Композиторы, не являющиеся евреями, также могли навлечь на себя гнев ведомства Розенберга, если в их музыке был хоть какой-нибудь модернизм или атональность или она вызывала какие-то еще противоречия. Если они не были немцами, то для Имперской палаты музыки было не особенно важно то, исполняются их произведения или нет. Поэтому в 1930-х годах, несмотря на все нападки, все равно продолжали исполнять музыку Игоря Стравинского, ставшую одной из главных мишеней для насмешек на Выставке дегенеративной музыки. Композитор сам способствовал тому, чтобы его произведения исполнялись в Германии, а его знаменитая деловая хватка даже позволила ему получить особое разрешение на то, чтобы авторский гонорар ему выслали в Париж, где он жил со времени Первой мировой войны. В отношении иностранных композиторов Министерство пропаганды никогда не упускало из виду и дипломатических моментов — так, модернистские сочинения Белы Бартока не запрещались, так как он был венгром, а Венгрия была союзником Германии. Сам Барток, ярый антифашист, сменил своих издателей в Германии, после того как их «преобразовали под требования арийской расы», он заявлял о своей солидарности с запрещенными композиторами и обратился в Министерство пропаганды с протестом, когда обнаружил, что его произведения не были представлены на Выставке дегенеративной музыки, но все это было бесполезно, его сочинения, как и сочинения Стравинского, продолжали исполнять в Германии[448].
Если же композитор был немцем или даже австрийцем (а для нацистов это было одно и то же), то все было совсем по-другому. Ученики Арнольда Шенберга были на примете у нацистов из-за того, что были приверженцами двенадцатитоновой атональности. Музыка Антона Веберна была запрещена с самого начала, а исполнение оркестровой концертной сюиты из все еще не законченной оперы «Лулу» в Берлине в 1934 году, на котором дирижировал Эрих Клайбер, вызвало еще большее волнение, возмущенные слушатели кричали: «Ура Моцарту!» Один из ведущих музыкальных критиков, Ганс Гейнц Штукеншмидт, положительно отозвавшийся об этой работе в Берлинской газете, был в результате исключен из Немецкой ассоциации музыкальных критиков (входящей в Имперскую палату литературы) и больше не мог заниматься своей работой. До этого он уже нажил себе врагов тем, что упрямо защищал Стравинского. Им удалось воспрепятствовать его трудоустройству в Германии, и он был вынужден уехать в Прагу. Эрих Клайбер, дирижировавший на концерте, испугавшись того негодования, которое вызвало у властей исполнение этого произведения, два месяца спустя уехал из Германии и в 1938 году принял гражданство Аргентины. При Третьем рейхе музыку Шентерга уже никогда публично не исполняли[449]. Несомненно, свою роль в этом скандале сыграло еще и то, что «Лулу» была довольно специфичным произведением, в ней поднималась тема проституции, а одним из героев был Джек Потрошитель. Другой ученик Шенберга, Винфрид Цилиг, не являвшийся евреем, продолжал использовать двенадцатитоновую технику, хотя атональность в его произведениях и не была резко выражена. Ему удалось избежать цензуры, и он продолжал работать дирижером и композитором. Его работы были посвящены крестьянской жизни, героическому самопожертвованию и другим темам, близким нацистской идеологии. Здесь, как и в работах еще одного-двух авторов, содержание восторжествовало над формой[450].
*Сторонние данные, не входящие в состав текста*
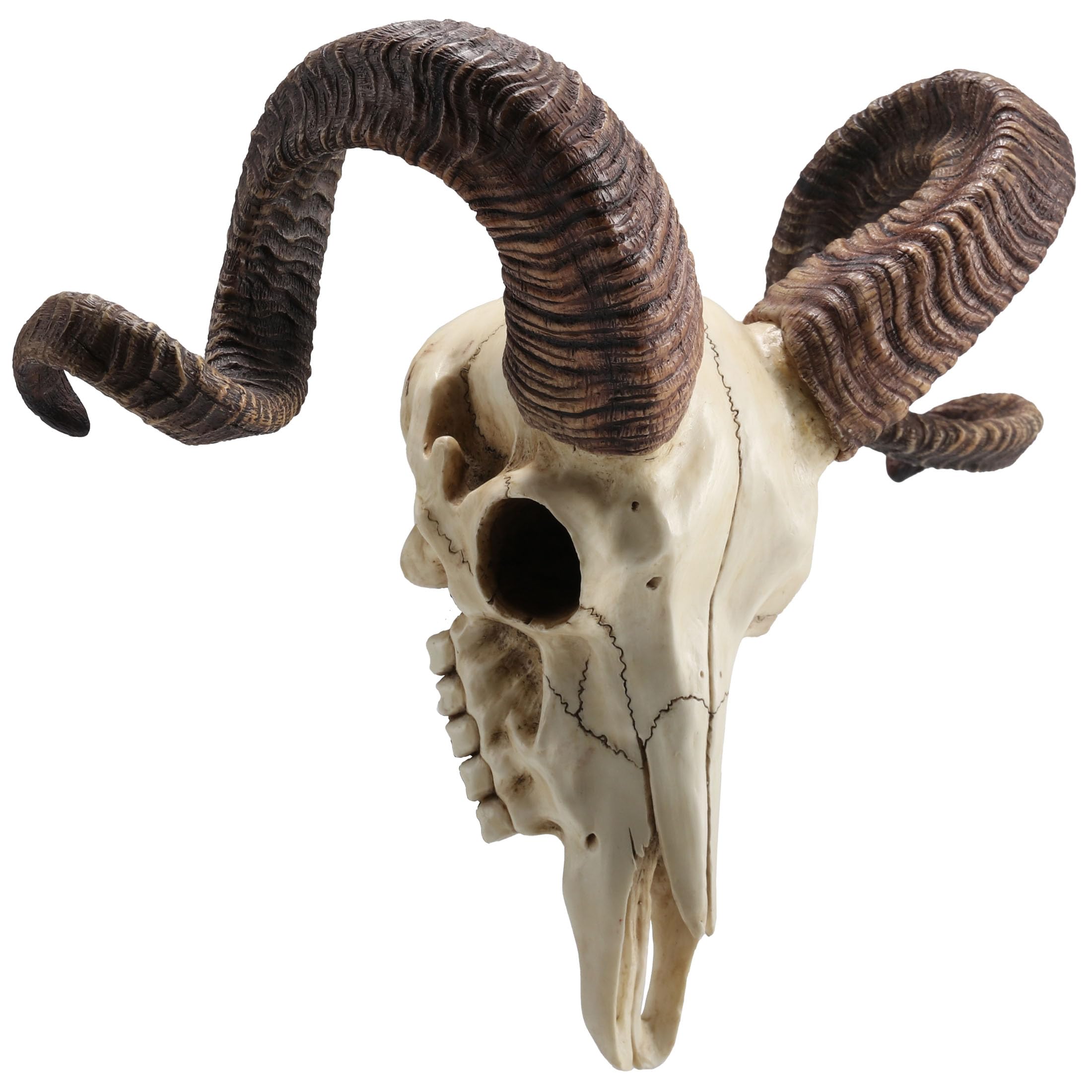Amazon.com: Veronese Design 10 5/8 Inch Corsican Ram Skull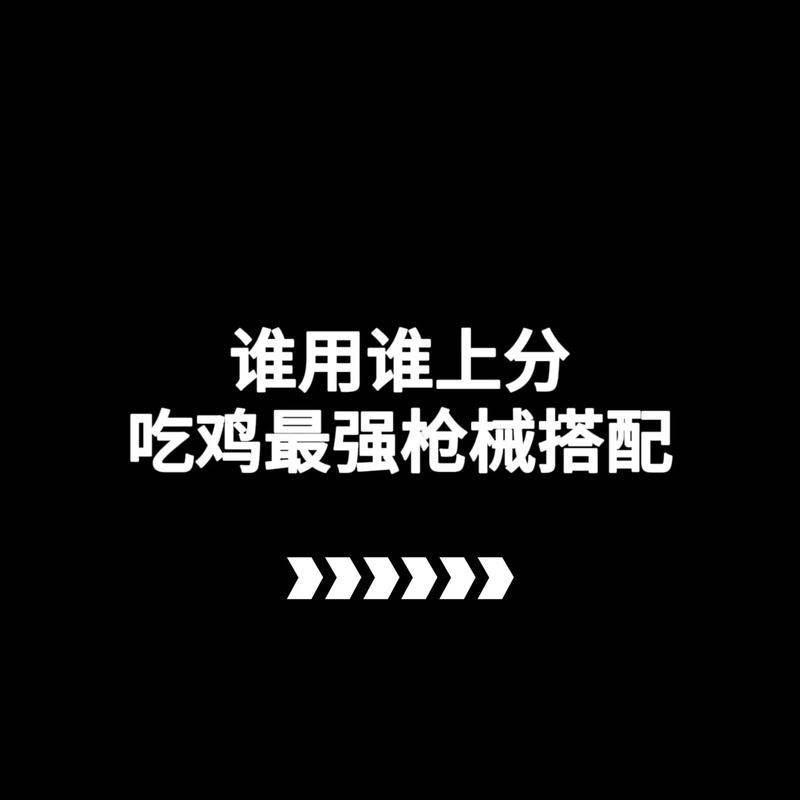 绝地求生大神枪配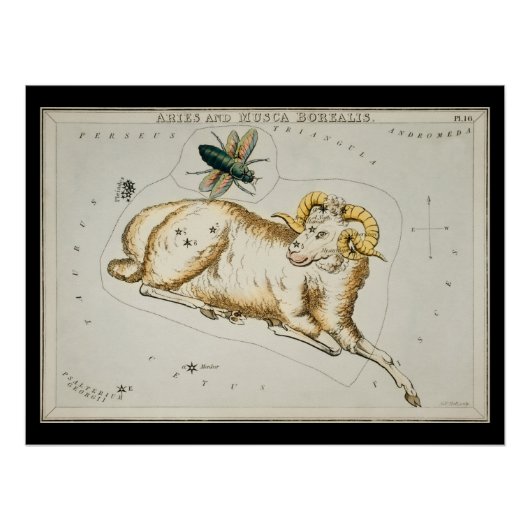 Antique Aries Astronomisches Diagramm Zodiac Astro Poster (Vorderseite)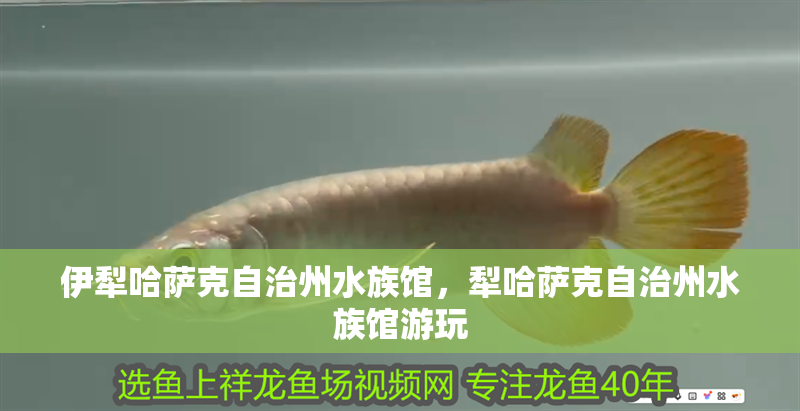 <strong><mark>伊犁</mark></strong>哈薩克自治州水族館，犁哈薩克自治州水族館游玩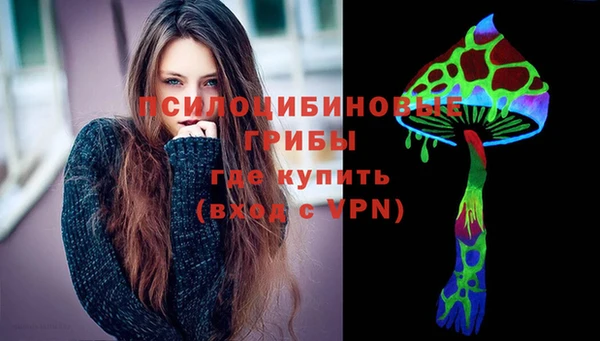 молекула духа Алзамай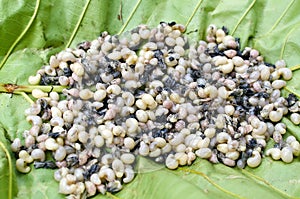 Insect eggs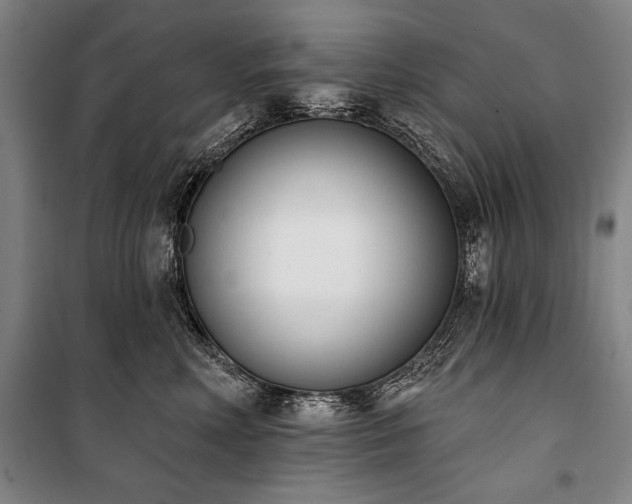 X0000101200618200806271352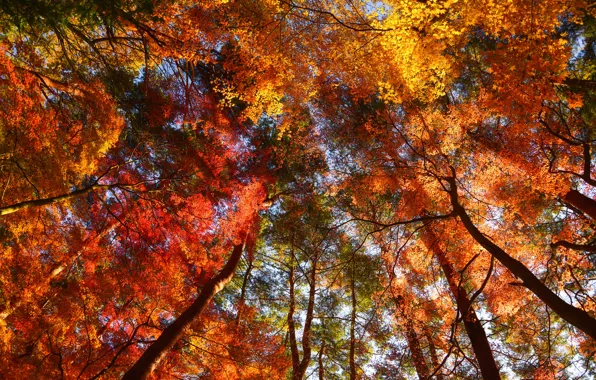 Осень, лес, листья, деревья, парк, forest, landscape, park
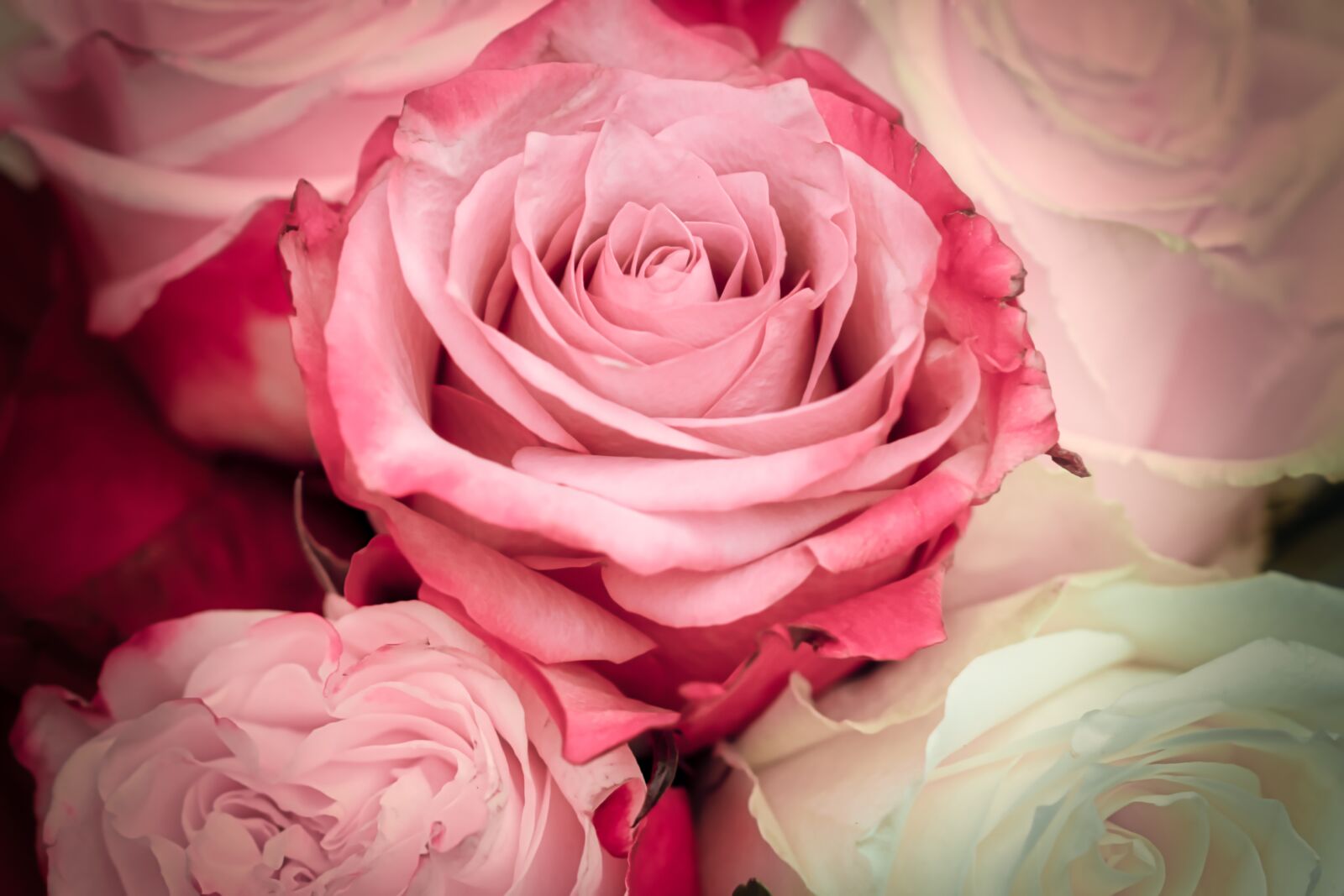 Canon EOS 200D (EOS Rebel SL2 / EOS Kiss X9) sample photo. Roses, romance, pink photography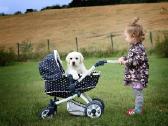 Kilmingi Labradoro retriverių veislės šuniukai - nuotraukos Nr. 23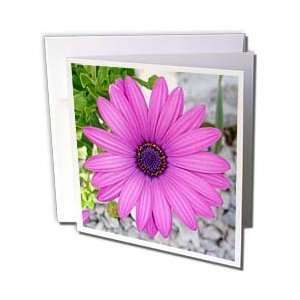  Taiche Photography   Flowers African Daisy   Greeting 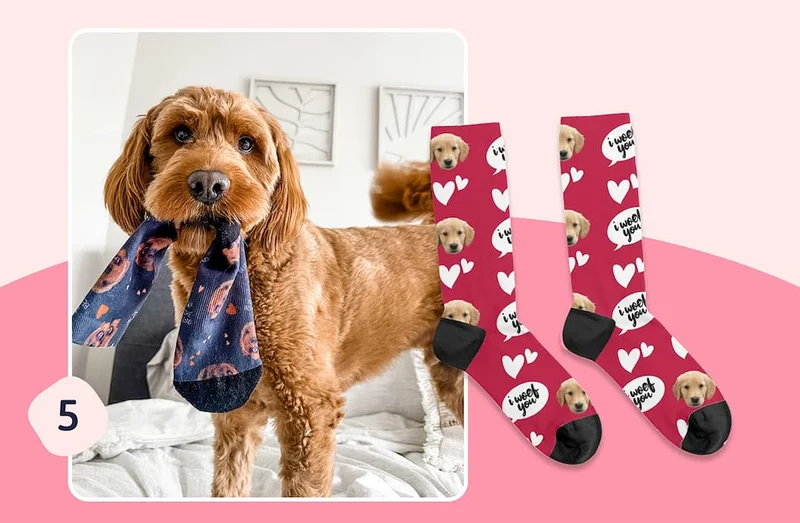 Pet face socks mock ups and customer photo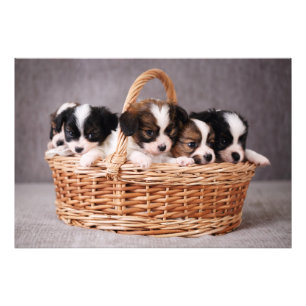 Impression Photo Cinq mignons chiots dans un panier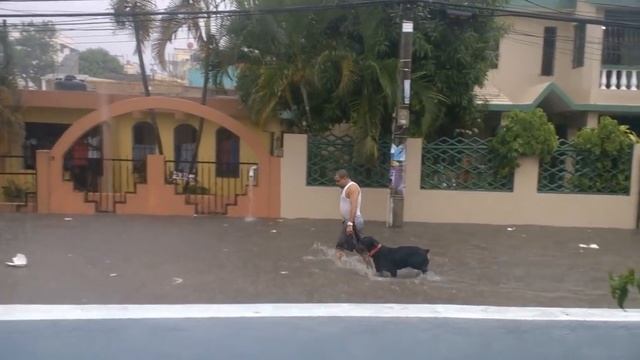 САНСЕВИЕРИЯ ХАННИ принесенная штормом (Sansevieria Golden Hahnii). #Мои_Суккуленты. #Доминикана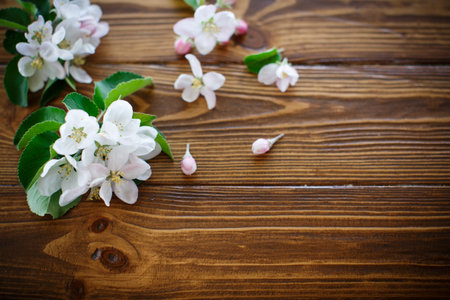 spring flowers of fruit trees on a wooden tableの写真素材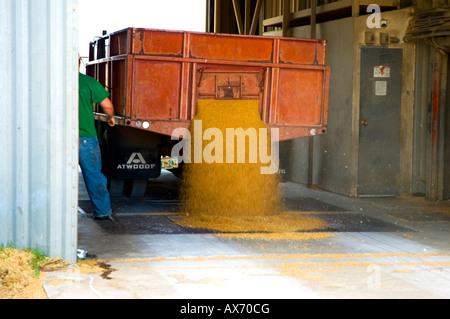 Un dump truck décharge blé à un grainery. Banque D'Images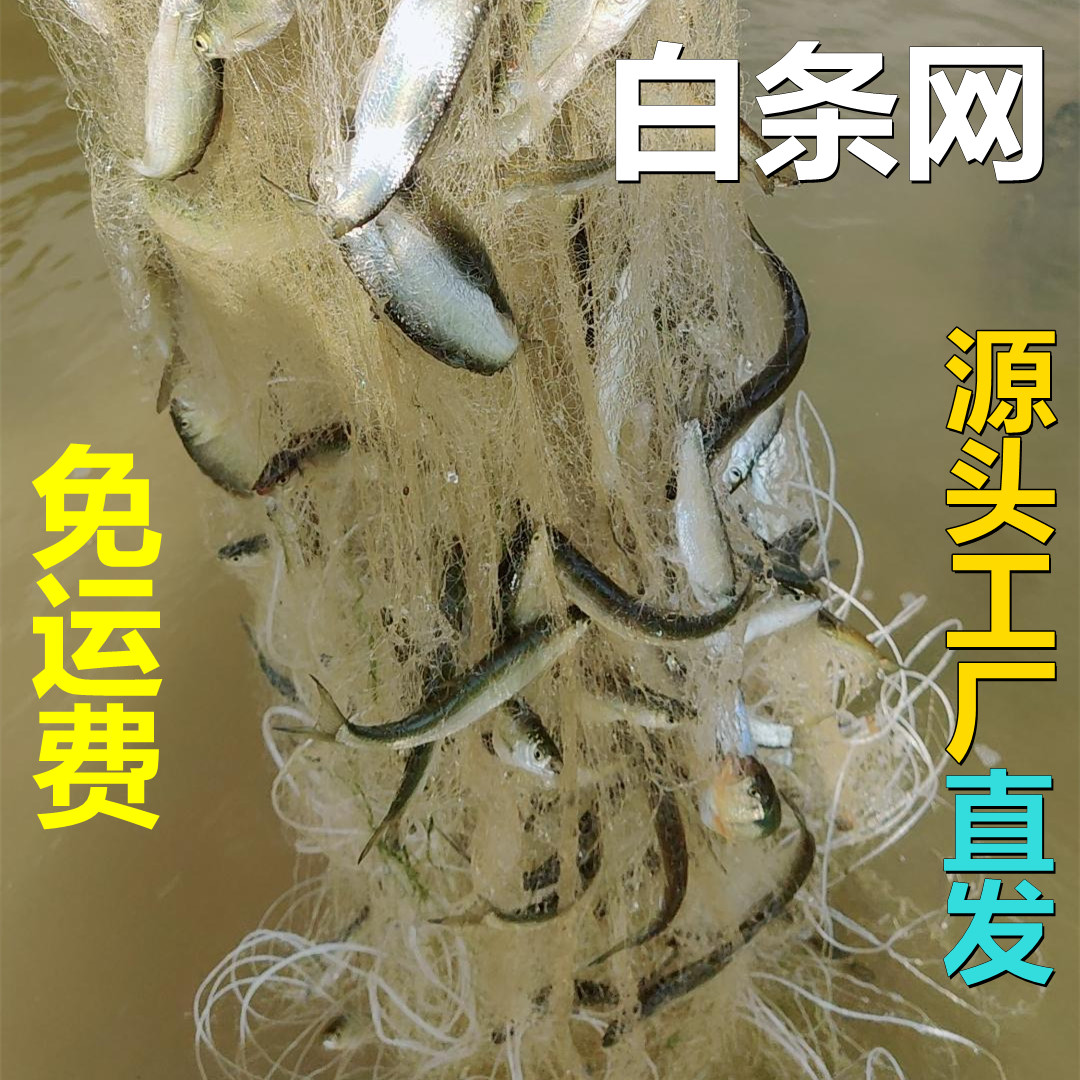 白条白条粘网单层浮网餐鱼网丝网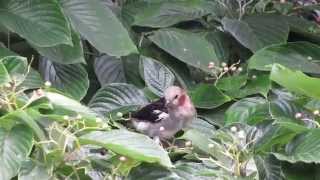 コムクドリ雄/Chestnut cheeked Starling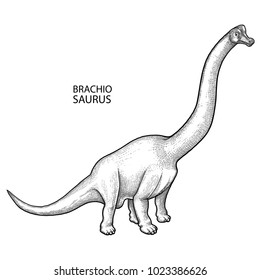 Graphic brachiosaurus. Vector dinosaur isolated on white background. Herbivore animal of the prehistoric period in engraving technique. Coloring book page design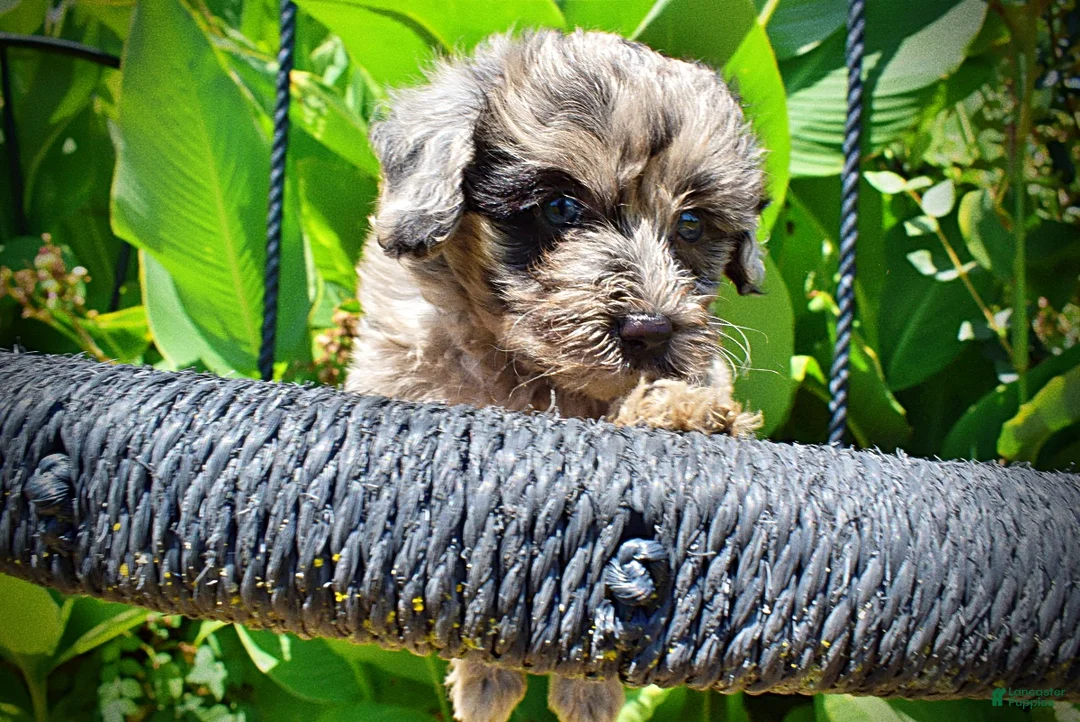 Havapoo dogs for sale: Indy - Ad 2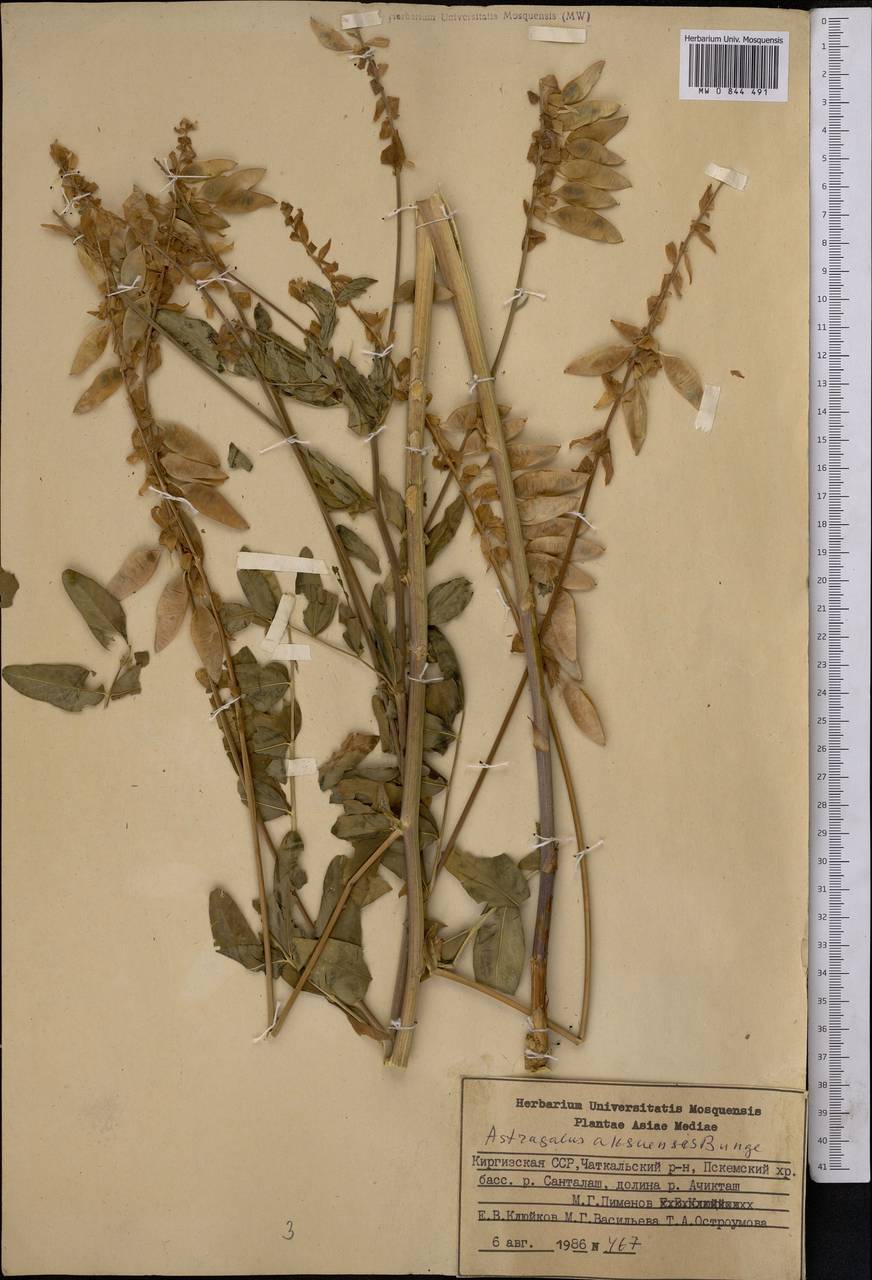 Astragalus aksuensis Bunge, Middle Asia, Western Tian Shan & Karatau (M3) (Kyrgyzstan)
Однако был один печально известный случай, когда ни форма, ни содержание оказались неприемлемы для властей, несмотря на то, что с первого взгляда и то и другое сочеталось с нацистской эстетикой. Пауль Хиндемит, который, пожалуй, был самым выдающимся из композиторов-модернистов времен Веймарской республики, в 1920-х годах заработал себе репутацию enfant terrible, но ближе к 1930-м годам сменил свой стиль на более приемлемый неоклассицизм. Этот переход в 1933 году отметили некоторые влиятельные фигуры нацистской культурной сцены, включая Геббельса, который постарался оставить его в Германии, так как, по всеобщему признанию, он был вторым по важности композитором страны после Штрауса. В начале существования Третьего рейха Хиндемит начал писать по собственному либретто оперу «Художник Матис», повествующую о средневековом немецком художнике Грюневальде Матисе, к которому очень хорошо относились нацистские искусствоведы. Опера повествует о том, как он упорно боролся за то, чтобы стать немецким художником, а в кульминации оперы он попадает под покровительство государства, которое наконец признало его талант. Новые элементы романтизма в музыке свидетельствуют о том, что композитор постоянно пытался сделать свой довольно академичный стиль приемлемым для широкой публики. Хотя он совершенно не скрывал своего враждебного отношения к фашизму до того, как нацисты захватили власть, Хиндемит решил остаться и попытать счастья. В ноябре 1933 года его назначили в государственный совет секции композиторов имперской палаты музыки. Фуртвенглером и Берлинским филармоническим оркестром 12 марта 1934 была впервые исполнена симфония в трех частях, основанная на музыке к «Художнику Матису», также были назначены ее последующие исполнения и запись граммофонной пластинки с ней. Казалось, все было сделано для того, чтобы Хиндемита признали ведущим композитором Третьего рейха[451].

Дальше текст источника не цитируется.